Independientemente de lo que haga el gobierno estadounidense en el marco de las renegociaciones del TLC, el gobierno mexicano no debe dar un paso atrás en materia de apertura comercial, debiendo mantener, por lo menos, el grado de apertura que ya se ha conseguido, y ello por dos razones: 1) las importaciones aumentan la cantidad, calidad y variedad de los bienes ofrecidos a los consumidores mexicanos, pudiendo ocasionar reducciones de precios,[10] y 2) las importaciones, dada la competencia que traen consigo, obligan, a quienes producen en México, mexicanos o extranjeros, a volverse más productivos (capaces de hacer más con menos), para poder volverse más competitivos (capaces de, en términos de precio, calidad y servicio, hacerlo mejor que sus competidores), en beneficio de los consumidores.
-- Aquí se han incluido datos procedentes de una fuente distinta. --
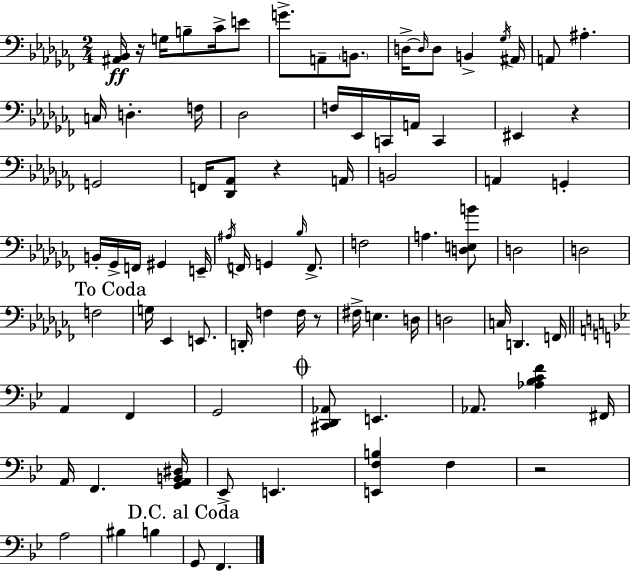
X:1
T:Untitled
M:2/4
L:1/4
K:Abm
[^A,,_B,,]/4 z/4 G,/4 B,/2 _C/4 E/2 G/2 A,,/2 B,,/2 D,/4 D,/4 D,/2 B,, _G,/4 ^A,,/4 A,,/2 ^A, C,/4 D, F,/4 _D,2 F,/4 _E,,/4 C,,/4 A,,/4 C,, ^E,, z G,,2 F,,/4 [_D,,_A,,]/2 z A,,/4 B,,2 A,, G,, B,,/4 _G,,/4 F,,/4 ^G,, E,,/4 ^A,/4 F,,/4 G,, _B,/4 F,,/2 F,2 A, [D,E,B]/2 D,2 D,2 F,2 G,/4 _E,, E,,/2 D,,/4 F, F,/4 z/2 ^F,/4 E, D,/4 D,2 C,/4 D,, F,,/4 A,, F,, G,,2 [^C,,D,,_A,,]/2 E,, _A,,/2 [_A,_B,CF] ^F,,/4 A,,/4 F,, [G,,A,,B,,^D,]/4 _E,,/2 E,, [E,,F,B,] F, z2 A,2 ^B, B, G,,/2 F,, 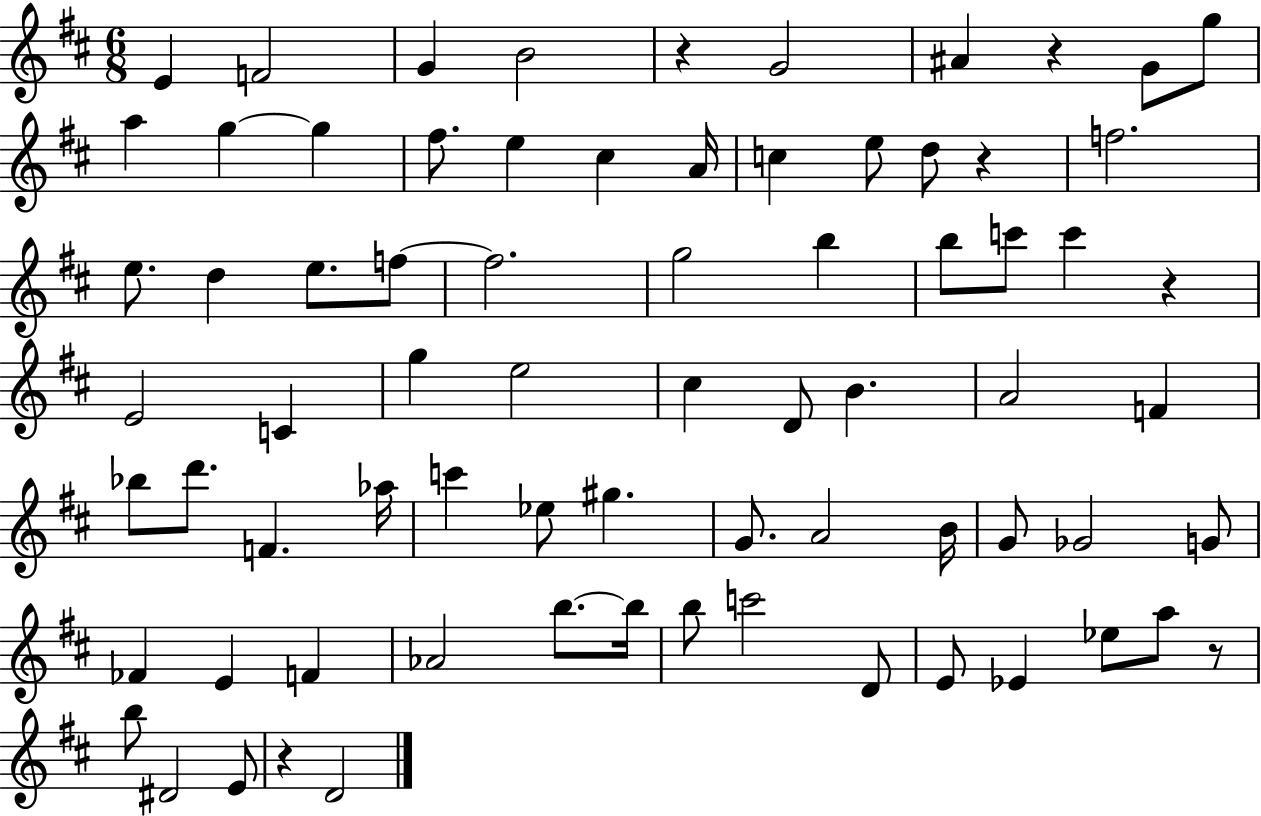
{
  \clef treble
  \numericTimeSignature
  \time 6/8
  \key d \major
  e'4 f'2 | g'4 b'2 | r4 g'2 | ais'4 r4 g'8 g''8 | \break a''4 g''4~~ g''4 | fis''8. e''4 cis''4 a'16 | c''4 e''8 d''8 r4 | f''2. | \break e''8. d''4 e''8. f''8~~ | f''2. | g''2 b''4 | b''8 c'''8 c'''4 r4 | \break e'2 c'4 | g''4 e''2 | cis''4 d'8 b'4. | a'2 f'4 | \break bes''8 d'''8. f'4. aes''16 | c'''4 ees''8 gis''4. | g'8. a'2 b'16 | g'8 ges'2 g'8 | \break fes'4 e'4 f'4 | aes'2 b''8.~~ b''16 | b''8 c'''2 d'8 | e'8 ees'4 ees''8 a''8 r8 | \break b''8 dis'2 e'8 | r4 d'2 | \bar "|."
}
Todo esto, ¿tiene algo de malo?

Es más, aprovechando la renegociación del TLC, el gobierno mexicano debería anunciar la total y definitiva apertura comercial y liberalización económica en México, algo que, obviamente, no hará.[11] Para ello le falta altura de miras.

 

[1] Muchos de los cuales operan en México con capital estadounidense.

[2] Muchos de los cuales son productores y exportadores que operan en México con capital estadounidense, y antes de producir y exportar importan (maquinaria, equipo, materia prima, partes, etc.), desde los Estados Unidos.

[3] Muchos de los cuales, antes de ser productores y exportadores, son importadores de productos mexicanos.

[4] Los cuales, antes de ser consumidores, tuvieron que ser productores, muchos de los cuales fueron, además, exportadores.

[5] Omito, por falta de espacio, mencionar a los productores y exportadores mexicanos que, teniendo el interés de poder exportar hacia los Estados Unidos, también tienen el interés de no competir, en los mercados mexicanos, con las importaciones estadounidenses, asumiendo la típica posición mercantilista a favor de sus exportaciones y en contra de las importaciones.

[6] Lo cual quiere decir que la apertura comercial no es total ni definitiva.

[7] Idem.

[8] Lo cual puede toparse con barreas infranqueables impuestas por el gobierno mexicano.

[9] Lo cual puede enfrentarse a barreas insalvables levantadas por el gobierno estadounidense.

[10] O, en el actual contexto de repunte en la inflación, ayudar a que éste sea menor.

[11] Para entender la conveniencia de llevar a cabo una apertura (en nuestro caso una mayor apertura) comercial unilateral, véase el capítulo 12 del excelente libro de Rigoberto Stewart, La magia y el misterio del comercio.